I suggest you read reviews on each option you have.  For example they said the most exepnsive one had very good surround sound but had weak base and gave it a 8 on 10.
http://www.phoronix.com/scan.php?page=article&item=142&num=3
Just find reviews on google by typing the name of the product and review.
The LTB LTB-AC97-M True 5.1 surround sound headphones with Mic also performed very well: http://www.geekextreme.com/content/view/8274/20/1/3/.


----------



## lynx6200

I heard the $300 bose headphones are pretty nice, but unless you have cash to burn, Im sure you can get plenty of other comparable products for less.


----------



## Adam Warren

Here are the ones that i ordered http://www.tigerdirect.ca/applications/SearchTools/item-details.asp?EdpNo=1219592&Tab=11&NoMapp=0


----------



## marquita188

I'm leaning towards the KY-100 and the LTB headphones.
KY-100 because of all the cables it comes with and the LTB because of sound quality.


----------



## kof2000

yes the BOSE headphones are 300 dollars but you can split pay and pay only 11 dollars each month.


----------



## Gigabyte426

I would say the LTB w/ mic, cheap yet most respectable brand in the bunch.


----------



## marquita188

I when with the KINYO KY-100 5.1 Channel Headphone - Retail $40.49


----------



## Beyond

what will they be used for?  

are headphones the only option?


----------



## marquita188

Beyond said:
			
		

> what will they be used for?
> are headphones the only option?



listen to music, and no just the ones around my price range 30 - 60


----------



## Beyond

marquita188 said:
			
		

> listen to music, and no just the ones around my price range 30 - 60



what music genres do you generally listen to?


----------



## marquita188

Beyond said:
			
		

> what music genres do you generally listen to?
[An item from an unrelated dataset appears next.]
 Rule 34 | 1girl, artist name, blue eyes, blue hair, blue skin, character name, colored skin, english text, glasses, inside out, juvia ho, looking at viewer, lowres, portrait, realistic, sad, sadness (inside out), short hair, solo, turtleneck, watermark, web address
R&B, NewJack Swing, Soul, House, some Pop n Rock, etc.

and u?


----------



## Beyond

marquita188 said:
			
		

> R&B, NewJack Swing, Soul, House, some Pop n Rock, etc.
> 
> and u?



these would be great headphones for you, then:

http://www.headphone.com/products/headphones/earpad/grado-sr-60.php

and if you could up your budget a little bit more, you'll get much better:

http://www.headphone.com/products/headphones/earpad/grado-sr-60.php

the first headphones, called the Music Series Ones (MS-1s)

you'll need a decent sound card, though..


----------